Opinião: Sem valores comuns, Brics segue sendo bloco solto
10 de julho de 2015O grupo dos países do Brics – Brasil, Rússia, Índia, China e África do Sul – costuma ser apresentado como um rival do G7, como um contrapeso ao bloco informal dos países ocidentais industriais "clássicos".
Os próprios Brics também se veem um pouco dessa forma – mas só um pouco. Enquanto a China possui a força e a Rússia, a aspiração de se contrapor ao Ocidente, aos outros três países faltam ambas. Brasil, Índia e África do Sul são democracias que não têm nenhum interesse num confronto com o Ocidente. Rússia e China são Estados de cunho autoritário, cujas relações com o Ocidente são instrumentais. Essa situação não deve mudar em breve.
Apesar disso, os Brics aparentemente se sentem bem em seu clube: eles criam um banco comum de desenvolvimento, acertam uma cooperação bilateral aqui, implementam um novo projeto intergovernamental acolá.

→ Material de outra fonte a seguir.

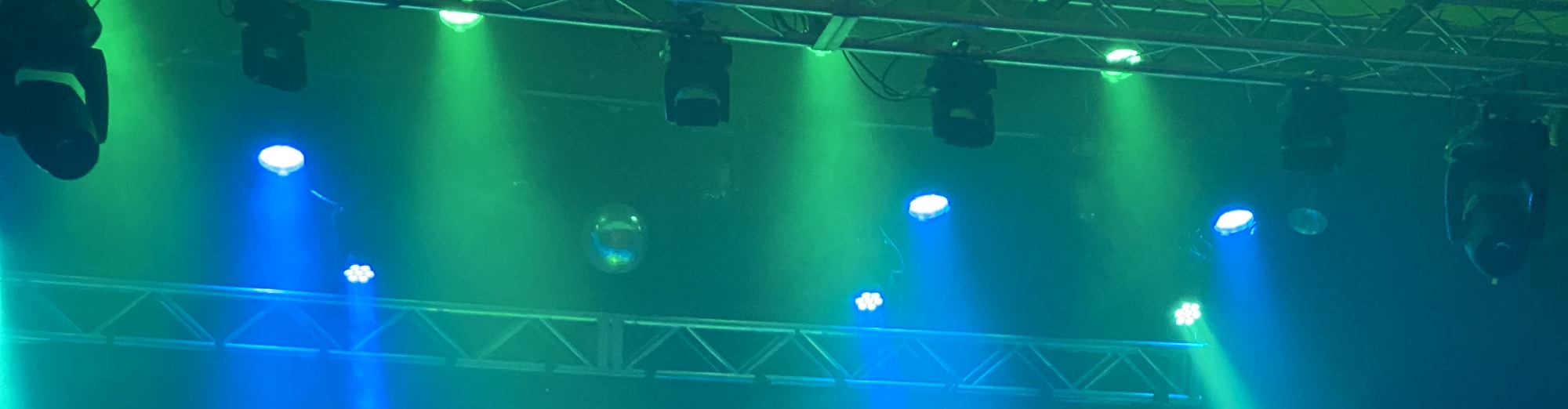 blue and green theater stage lights Lancaster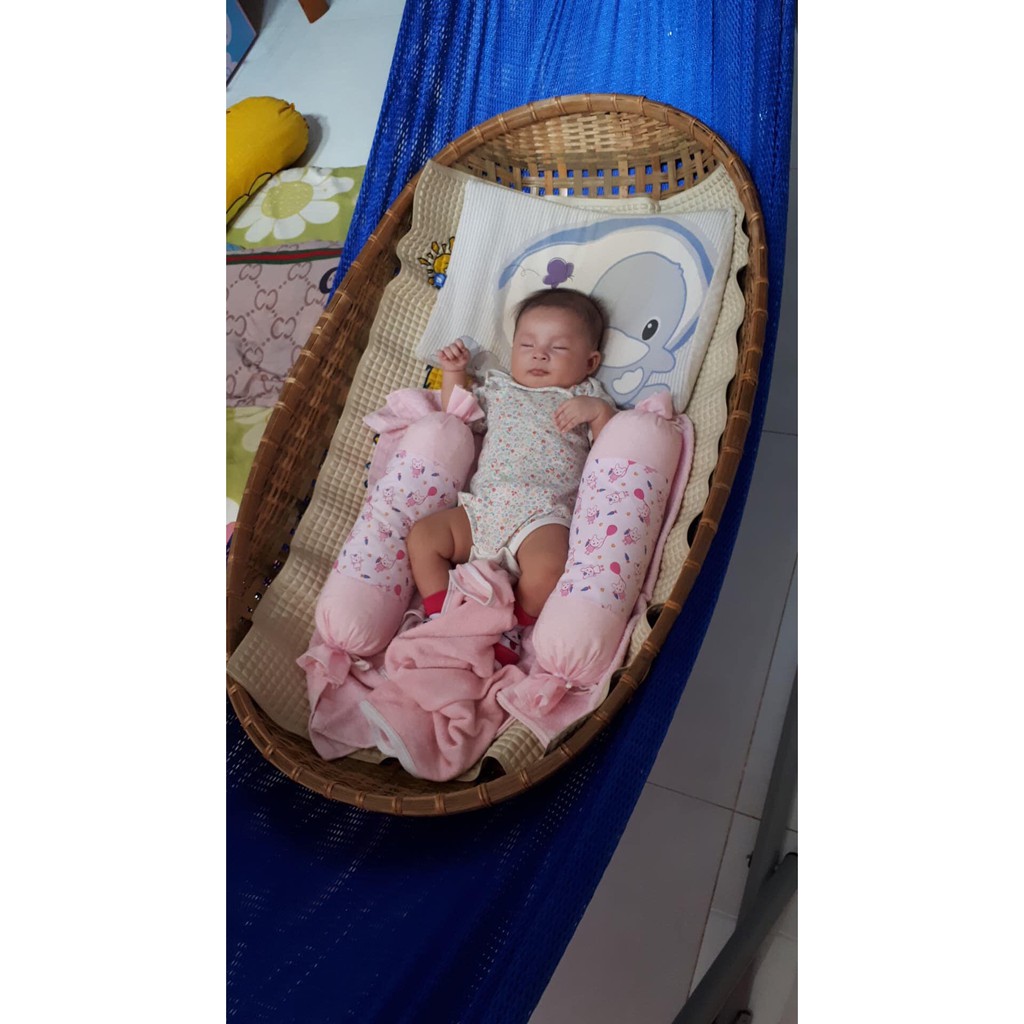 [Giá Xưởng] Bọc Lót Nôi tre - Hàng Đặt May - Nhiều mày sắc - Tặng vòng dâu tằm - Từ 0 - 24 Tháng tuổi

Além disso, um fórum sindical do Brics exercita críticas à "globalização neoliberal". Vindo da boca de um sindicalista chinês, soa gratuito. Na China, país que elevou mais do que qualquer outro o liberalismo global à condição de doutrina da sua indústria exportadora, a liderança comunista formalmente professa os ensinamentos do papai Marx.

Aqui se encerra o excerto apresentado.